Our Chief Executive, Dr Carole Easton, says a desperate lack of housing options is the key reason why so few older people move house until a crisis.
I was taken aback by a story this week in the Daily Telegraph. Headlined 'Where baby boomers are locking the most bedrooms out of the housing market', it laid the blame for our misfunctioning planning and housebuilding policies at the door of older people.
The article stated that nearly two million spare bedrooms have been locked out of the housing market in the last ten years with Britain’s ageing population the reason why the country’s housing stock is being used more and more inefficiently.
It added that across England and Wales in 2021, 8.9 million households had at least two spare rooms, while a further 8.3 million had one spare room.
But it is simplistic to suggest a bedroom not used for sleeping in is not being used efficiently. The number of bedrooms in a property is a crude and often inaccurate measure of the actual size of a property and how it is used. Older people, like any homeowner, may choose to use a room as a home office, room for exercise, guest bedroom for family visitors, space to pursue a hobby, to receive or carry out care.
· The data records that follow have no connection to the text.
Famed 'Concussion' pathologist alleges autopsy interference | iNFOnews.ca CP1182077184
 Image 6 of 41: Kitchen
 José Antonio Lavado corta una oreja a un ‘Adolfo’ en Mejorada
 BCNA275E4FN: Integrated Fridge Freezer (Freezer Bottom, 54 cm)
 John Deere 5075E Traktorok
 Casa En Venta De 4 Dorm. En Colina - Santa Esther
Who has the right to decide for what purpose someone should use their own home?
The reason why older people move house at half the rate of other age groups is the lack of suitable housing options that allow them to remain in their communities where they’ve brought up families, made friends and built social networks. The vast majority do not want to live in a segregated retirement community or in a bungalow out of town but this is what our outdated, planning system offers older people.
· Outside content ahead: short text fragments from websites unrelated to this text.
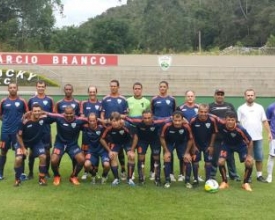 Seis equipes brigam pelo título da Copa de Futebol Veterano no Stucky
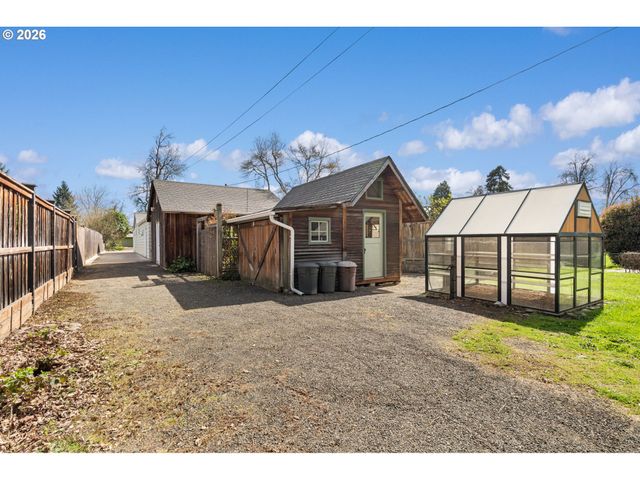 394 CHERRY Dr, Eugene, OR 97401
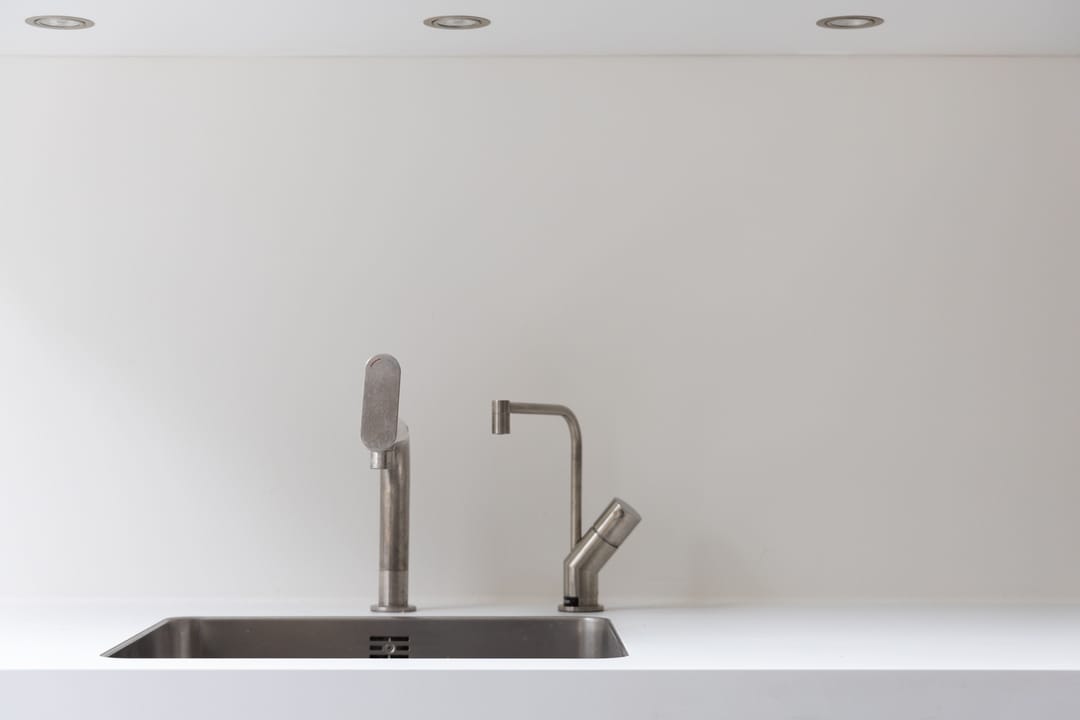 Photo 11 of Van Eeghenlaan 17-H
We need a planning and housing system that reflects the needs of older people and delivers the types of homes that allow them to remain independent as they age.
Older people’s house moves are motivated by the same desires as anybody else; finding somewhere with better access to green spaces, to have more space for guests, moving to a nicer property or area. Housing choices should not be reduced to “just find somewhere smaller” when you reach a certain age or stage in life. Downsizing often means older people moving into smaller properties that do not meet their needs and which can significantly impact their mental or physical health. We should be promoting rightsizing where older people can make a positive choice to move to improve their quality of life.
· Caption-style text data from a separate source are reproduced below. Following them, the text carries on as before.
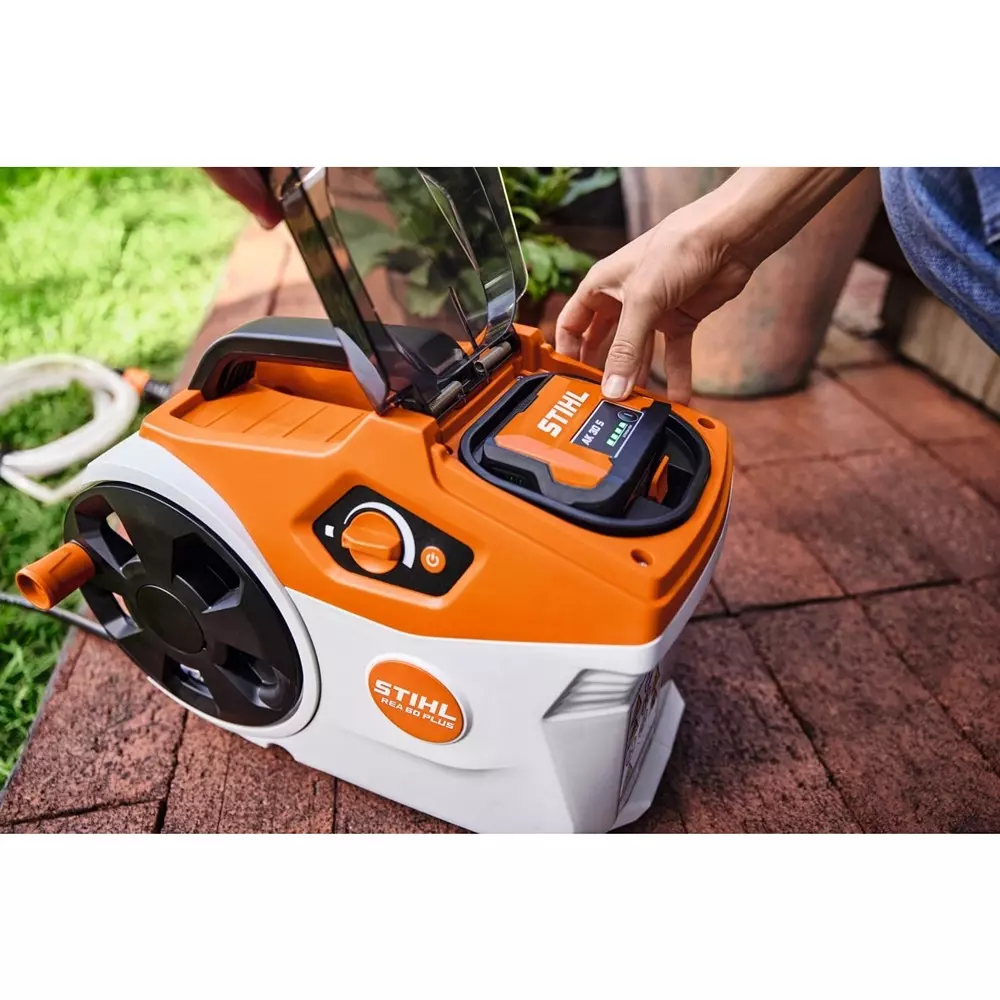 Stihl Cordless Pressure Washer 36 V 240 L/H without Battery & Charger, REA 60 Plus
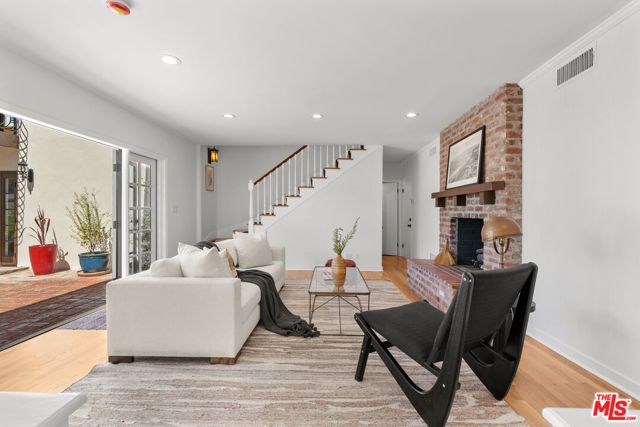13009 Greenleaf Street, Studio City (los Angeles), CA 91604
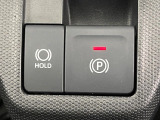 【電動パーキングブレーキ】パーキングブレーキは便利な電動式!ボタン一つで操作でき、アクセルを踏めば自動で解除されます♪レバーやペダルが無いので運転席廻りもすっきりしますね♪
What older people need is a significant increase in the supply of affordable homes which are also accessible, ie which are built to be appropriate for people with disabilities and special needs. One way the government has committed to addressing this is by raising the minimum accessibility building standards for newly built properties but we need this change brought into law urgently. Even then, its impact will still take time to be felt. Meanwhile we have an ageing population and so the number of older homeowners wanting to move but who cannot find the next home that meets their needs will only increase.
We know most people want to remain living in their own homes as they get older. To make that a reality, we need a planning and housing system that reflects the needs of older people and delivers the types of homes that allow them to remain independent as they age. Ageing Better will soon be launching our Rightplace report which we hope will offer solutions for how planners can help break down the barriers that older people face when attempting to rightsize to their next home. Opening up the housing market in this way would lead to positive outcomes for everyone.